8. En deuxième lieu, aux termes de l'article L2152-6 du code de la commande publique : " L'acheteur met en œuvre tous moyens lui permettant de détecter les offres anormalement basses. / Lorsque une offre semble anormalement basse, l'acheteur exige que l'opérateur économique fournisse des précisions et justifications sur le montant de son offre. Si, après vérification des justifications fournies par l'opérateur économique, l'acheteur établit que l'offre est anormalement basse, il la rejette dans des conditions prévues par décret en Conseil d'Etat. ".

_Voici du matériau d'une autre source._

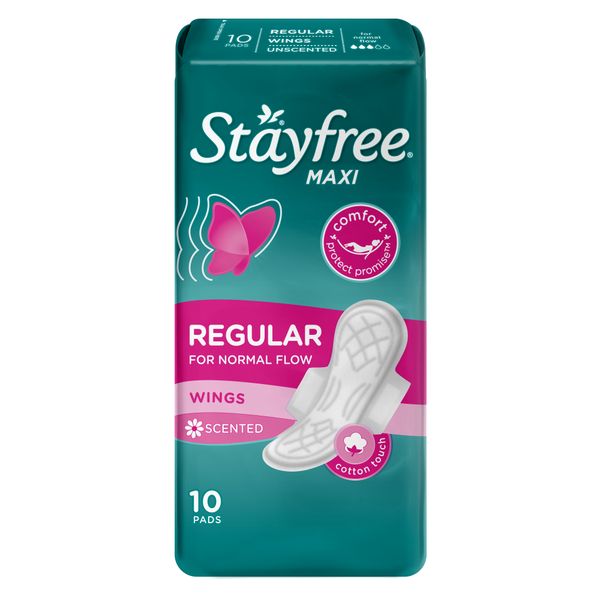 Stayfree Maxi Thick Regular Scented With Wings - Pack of 10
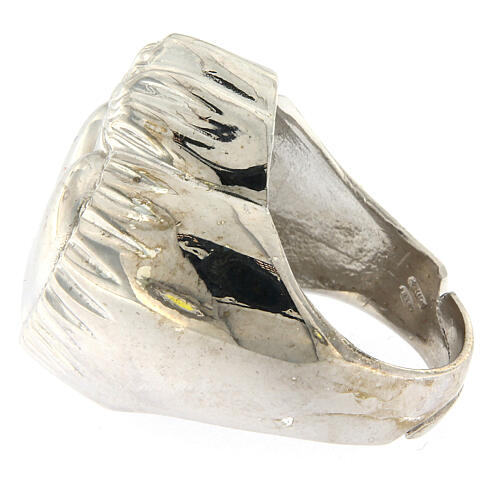 Ring mit Votivherz aus poliertem Silber 925, 20 mm 4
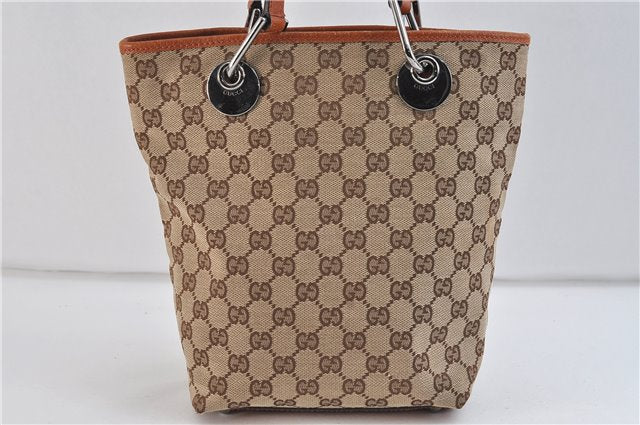 Authentic GUCCI Shoulder Hand Bag GG Canvas Leather 120840 Brown Orange 6809C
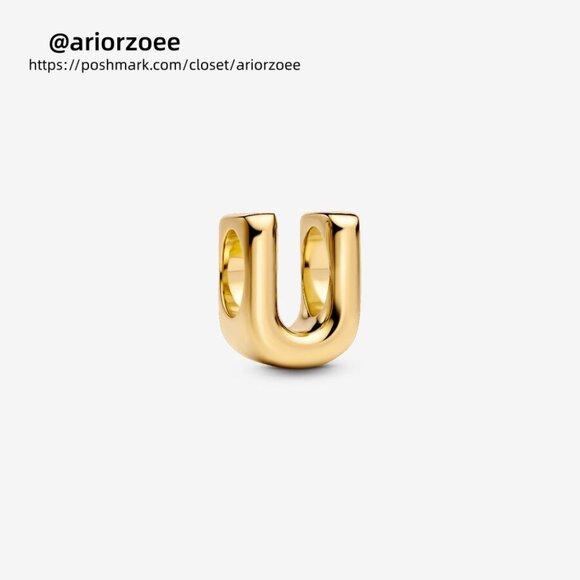 Pandora Letter U Alphabet Mini Charm|Pendant - Picture 1 of 2
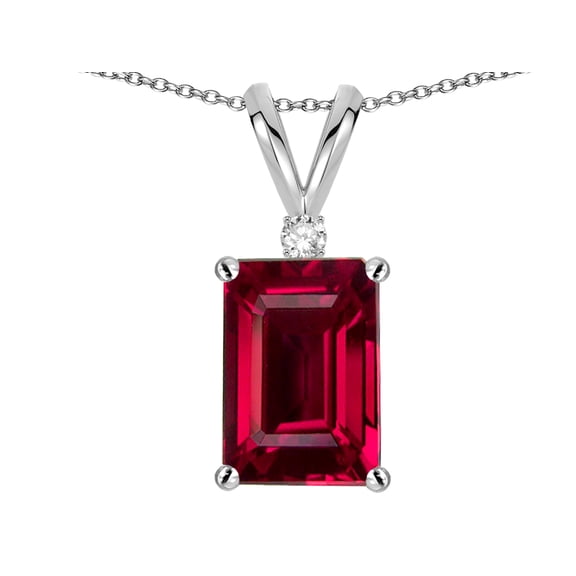 Star K � Classic Octagon Emerald Cut 8x6mm Created Ruby Pendant Necklace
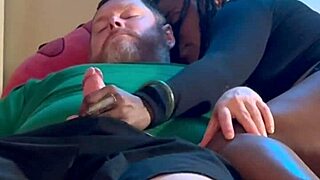 homemade ebony babe in hood bends over sucks fucks white cock doggystyle bedroom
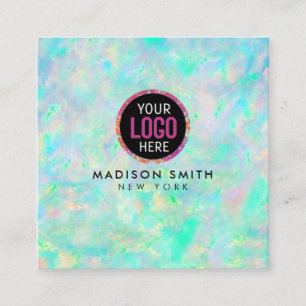 logotipo opal textura cuadrada tarjeta de visita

9. Il résulte de l'instruction que le coût des prestations proposées par la société attributaire du marché litigieux s'élevait à 198 113 euros hors taxe (HT), dont 110 880 euros pour l'achat et l'installation de DAE et 87 233 euros HT pour la maintenance et la télésurveillance et que le règlement de consultation précisait que le montant maximum des prestations de l'accord-cadre à bons de commande était fixé à 450 000 euros HT. Contrairement à ce que soutient la société requérante, le seul écart entre le prix de l'offre de la société attributaire et le prix de sa propre offre, qui s'élevait à 387 068 euros HT, dont 174 580 euros pour les prestations d'investissement et 212 488 euros pour les prestations de fonctionnement, ne saurait permettre de déduire que l'offre retenue était anormalement basse. En se bornant à des allégations sur la durée supposée des batteries du matériel proposé par la société attributaire et les coûts de fonctionnement qui auraient été omis, la société Locacœur n'établit pas que le prix de l'offre concurrente de la sienne était sous-évalué ou même compromettait la bonne exécution du marché. Au demeurant, la commune de Saint-Brieuc, qui expose que le prix contenu dans l'offre de la société requérante était le plus élevé des dix offres qu'elle a reçues pour l'attribution de l'accord-cadre en litige, fait valoir qu'en l'état de l'exécution du marché, elle n'a été exposée à aucun surcoût. Dans ces conditions, et en tout état de cause, la société Locacœur n'est pas fondée à soutenir que la commune de Saint-Brieuc a commis une erreur manifeste d'appréciation en retenant l'offre de la société Schiller France, laquelle ne revêtait pas le caractère d'une offre anormalement basse.

10. En troisième lieu, la société Locacœur ne saurait sérieusement soutenir, en se fondant sur la lecture de la documentation de la société Schiller France, que le matériel proposé ne répond pas à l'ensemble des exigences du cahier des charges et qu'il en résulterait un vice du consentement de l'acheteur public, qui n'aurait probablement pas lu le mode d'emploi du matériel proposé. À supposer même que les prestations proposées par la société attributaire ne respectent pas certaines des prescriptions du CCTP, cette circonstance ne suffit pas à caractériser un vice du consentement de la commune de Saint-Brieuc, qui disposait des éléments utiles pour apprécier l'offre qui lui était soumise.